• Materials provided
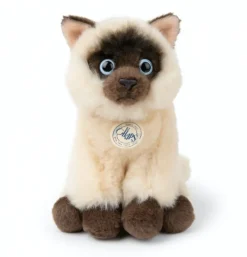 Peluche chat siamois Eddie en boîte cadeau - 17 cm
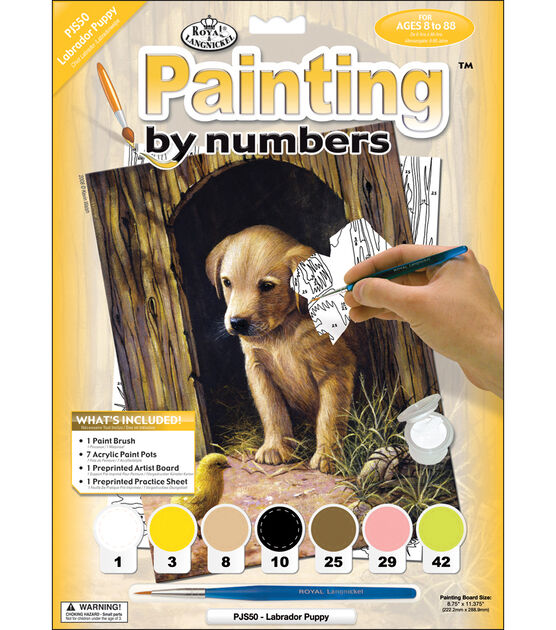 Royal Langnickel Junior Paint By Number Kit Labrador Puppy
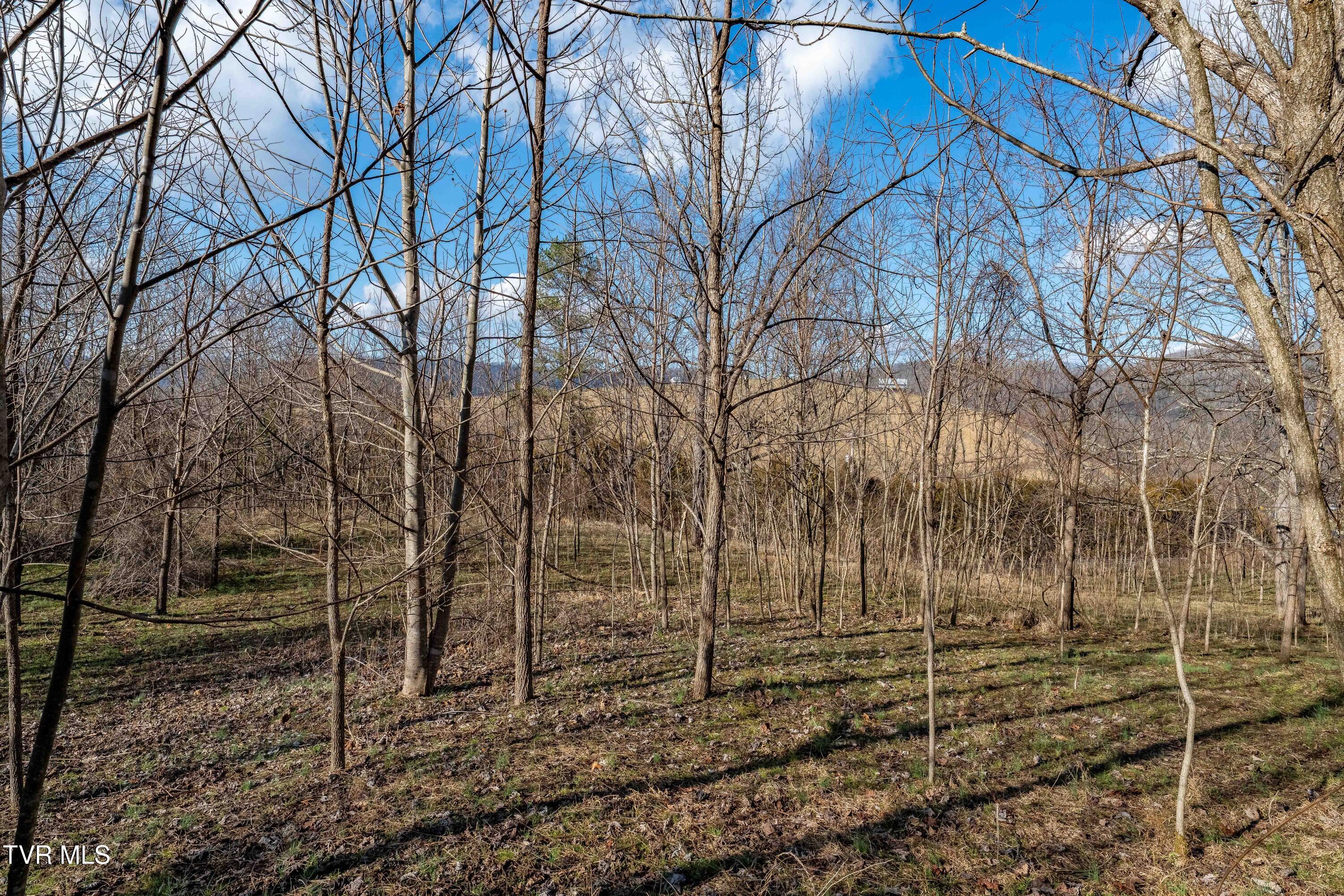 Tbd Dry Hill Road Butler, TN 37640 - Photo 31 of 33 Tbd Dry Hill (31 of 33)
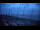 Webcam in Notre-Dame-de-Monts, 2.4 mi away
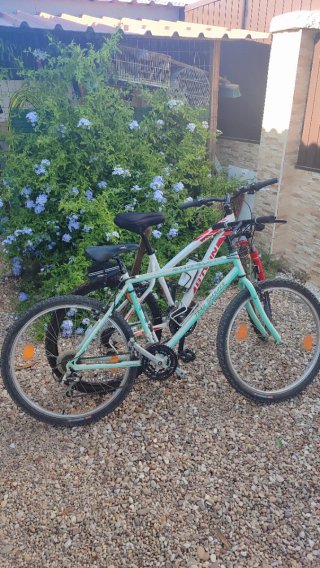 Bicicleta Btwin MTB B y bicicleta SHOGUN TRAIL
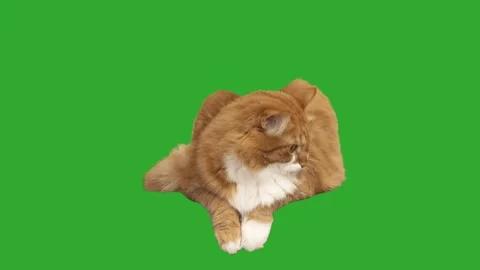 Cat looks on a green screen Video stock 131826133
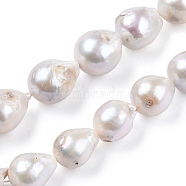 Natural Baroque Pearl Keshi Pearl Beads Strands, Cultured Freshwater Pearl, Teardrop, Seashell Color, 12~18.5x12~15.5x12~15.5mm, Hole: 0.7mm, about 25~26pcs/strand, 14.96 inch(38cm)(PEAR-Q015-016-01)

...

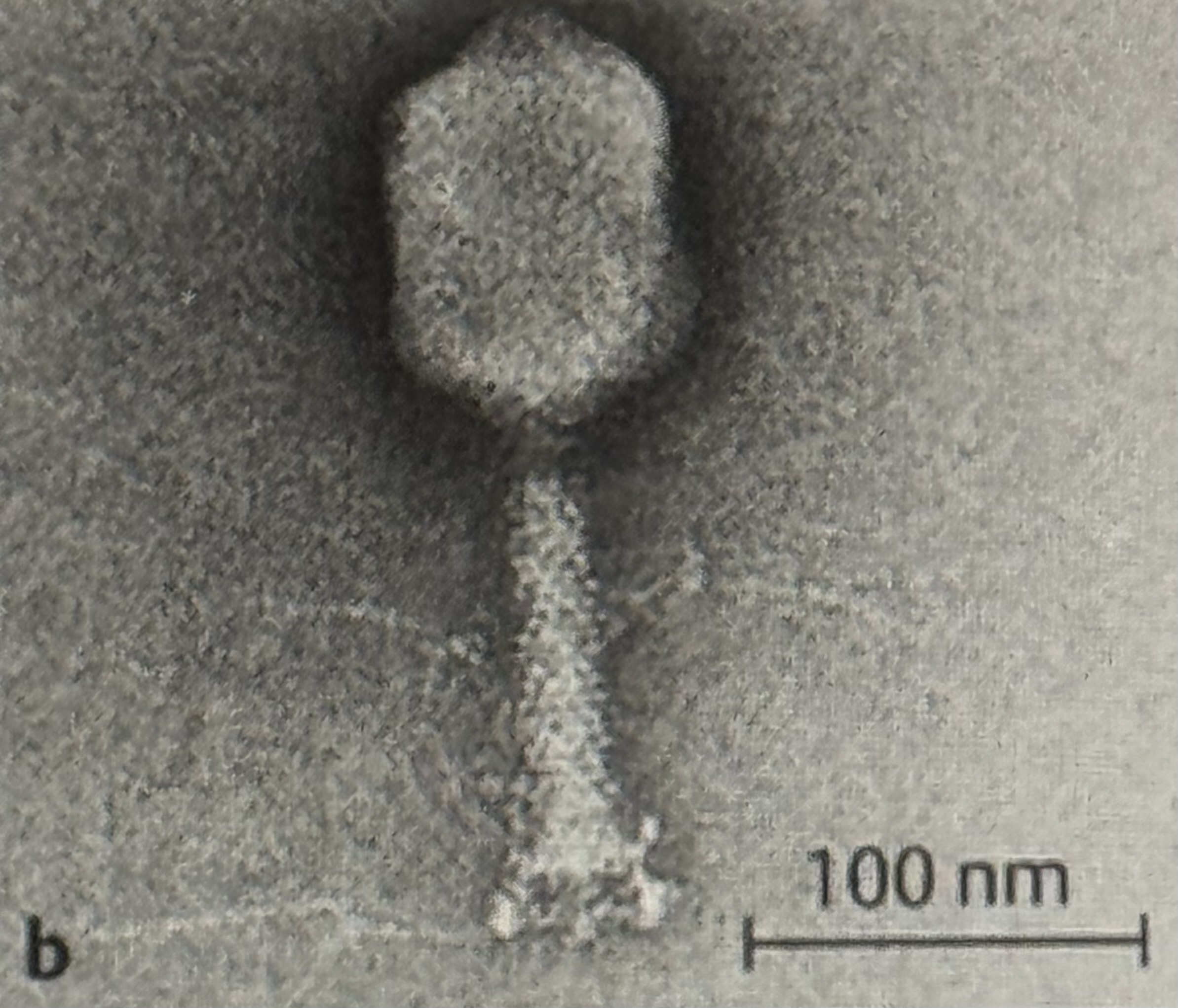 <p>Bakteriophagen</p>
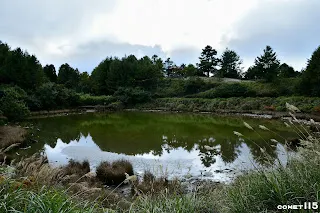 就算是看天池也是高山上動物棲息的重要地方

--

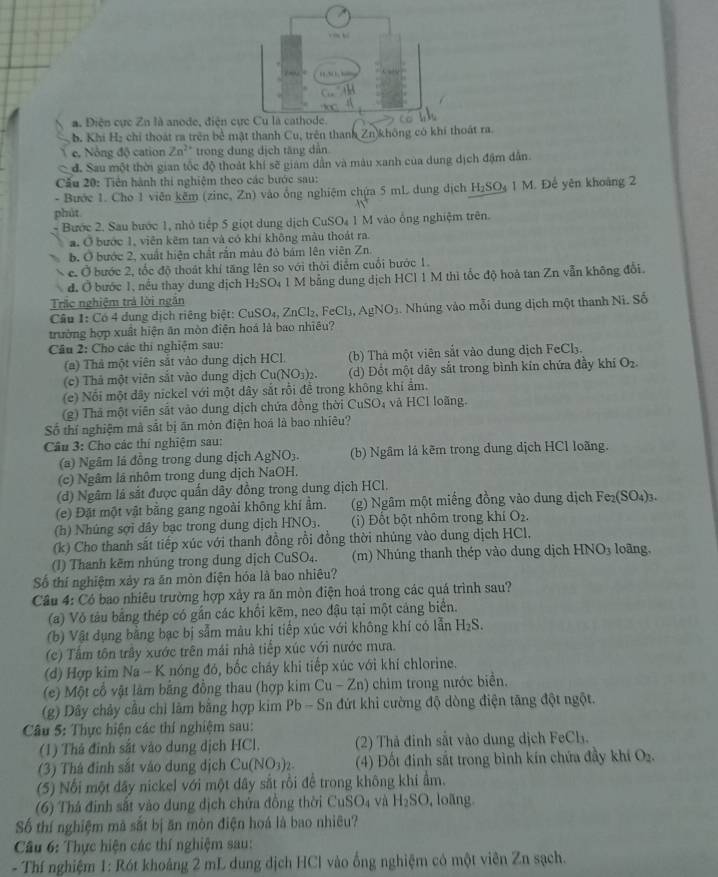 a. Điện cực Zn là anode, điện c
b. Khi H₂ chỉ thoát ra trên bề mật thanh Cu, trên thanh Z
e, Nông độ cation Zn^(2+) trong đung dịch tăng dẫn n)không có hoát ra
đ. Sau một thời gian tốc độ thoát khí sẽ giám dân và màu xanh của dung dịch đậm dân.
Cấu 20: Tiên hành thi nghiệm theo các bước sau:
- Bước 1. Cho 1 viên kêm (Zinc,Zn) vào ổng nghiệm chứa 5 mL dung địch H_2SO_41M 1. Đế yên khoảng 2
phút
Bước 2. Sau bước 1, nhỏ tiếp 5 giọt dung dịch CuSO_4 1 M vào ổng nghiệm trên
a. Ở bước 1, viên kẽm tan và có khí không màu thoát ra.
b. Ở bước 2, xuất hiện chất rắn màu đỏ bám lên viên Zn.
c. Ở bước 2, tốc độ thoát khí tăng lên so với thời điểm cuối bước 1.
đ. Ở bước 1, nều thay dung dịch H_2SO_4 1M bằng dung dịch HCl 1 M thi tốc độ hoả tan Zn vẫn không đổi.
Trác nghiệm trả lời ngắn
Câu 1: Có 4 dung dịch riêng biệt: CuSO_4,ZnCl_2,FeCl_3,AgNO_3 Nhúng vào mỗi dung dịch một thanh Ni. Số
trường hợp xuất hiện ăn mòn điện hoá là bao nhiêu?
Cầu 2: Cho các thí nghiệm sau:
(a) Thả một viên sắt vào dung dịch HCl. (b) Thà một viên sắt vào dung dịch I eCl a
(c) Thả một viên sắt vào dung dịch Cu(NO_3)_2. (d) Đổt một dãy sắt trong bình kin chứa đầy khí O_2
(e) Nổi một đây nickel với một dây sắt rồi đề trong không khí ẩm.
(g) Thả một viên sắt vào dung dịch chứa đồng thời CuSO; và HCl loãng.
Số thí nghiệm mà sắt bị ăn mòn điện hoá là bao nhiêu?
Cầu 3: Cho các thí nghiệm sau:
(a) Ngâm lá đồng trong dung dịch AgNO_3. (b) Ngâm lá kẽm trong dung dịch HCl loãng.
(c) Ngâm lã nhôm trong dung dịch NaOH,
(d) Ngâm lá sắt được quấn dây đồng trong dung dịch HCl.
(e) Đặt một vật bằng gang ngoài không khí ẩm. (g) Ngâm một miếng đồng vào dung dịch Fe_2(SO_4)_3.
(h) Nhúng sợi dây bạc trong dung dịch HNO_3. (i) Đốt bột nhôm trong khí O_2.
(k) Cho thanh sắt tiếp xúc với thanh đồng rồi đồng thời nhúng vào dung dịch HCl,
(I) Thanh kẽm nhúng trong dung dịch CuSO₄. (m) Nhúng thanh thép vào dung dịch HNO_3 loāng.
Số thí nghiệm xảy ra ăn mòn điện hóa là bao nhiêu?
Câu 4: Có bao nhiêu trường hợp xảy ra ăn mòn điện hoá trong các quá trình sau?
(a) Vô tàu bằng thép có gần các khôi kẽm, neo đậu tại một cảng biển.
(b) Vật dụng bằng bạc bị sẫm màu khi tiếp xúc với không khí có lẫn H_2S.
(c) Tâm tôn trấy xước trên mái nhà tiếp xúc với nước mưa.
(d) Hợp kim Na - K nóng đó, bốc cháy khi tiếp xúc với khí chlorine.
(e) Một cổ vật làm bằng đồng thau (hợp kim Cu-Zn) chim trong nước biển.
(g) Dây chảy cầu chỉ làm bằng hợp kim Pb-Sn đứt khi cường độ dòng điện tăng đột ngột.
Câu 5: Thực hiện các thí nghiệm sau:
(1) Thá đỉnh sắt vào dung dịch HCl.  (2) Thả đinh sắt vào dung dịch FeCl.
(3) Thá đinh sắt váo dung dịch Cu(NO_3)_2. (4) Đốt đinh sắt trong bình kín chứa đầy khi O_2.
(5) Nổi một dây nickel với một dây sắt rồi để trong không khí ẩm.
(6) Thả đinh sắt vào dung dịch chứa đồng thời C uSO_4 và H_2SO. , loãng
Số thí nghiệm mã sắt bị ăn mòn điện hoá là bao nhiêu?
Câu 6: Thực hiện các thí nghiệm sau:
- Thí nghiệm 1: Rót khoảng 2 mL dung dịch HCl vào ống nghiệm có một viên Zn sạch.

• Assignment
Return exactly, and only, the lines above starting at the line that contains "Câu 5: Thực" and ending at the line that contains "- Thí nghiệm".

• Response box
Câu 5: Thực hiện các thí nghiệm sau:
(1) Thá đỉnh sắt vào dung dịch HCl.  (2) Thả đinh sắt vào dung dịch FeCl.
(3) Thá đinh sắt váo dung dịch Cu(NO_3)_2. (4) Đốt đinh sắt trong bình kín chứa đầy khi O_2.
(5) Nổi một dây nickel với một dây sắt rồi để trong không khí ẩm.
(6) Thả đinh sắt vào dung dịch chứa đồng thời C uSO_4 và H_2SO. , loãng
Số thí nghiệm mã sắt bị ăn mòn điện hoá là bao nhiêu?
Câu 6: Thực hiện các thí nghiệm sau:
- Thí nghiệm 1: Rót khoảng 2 mL dung dịch HCl vào ống nghiệm có một viên Zn sạch.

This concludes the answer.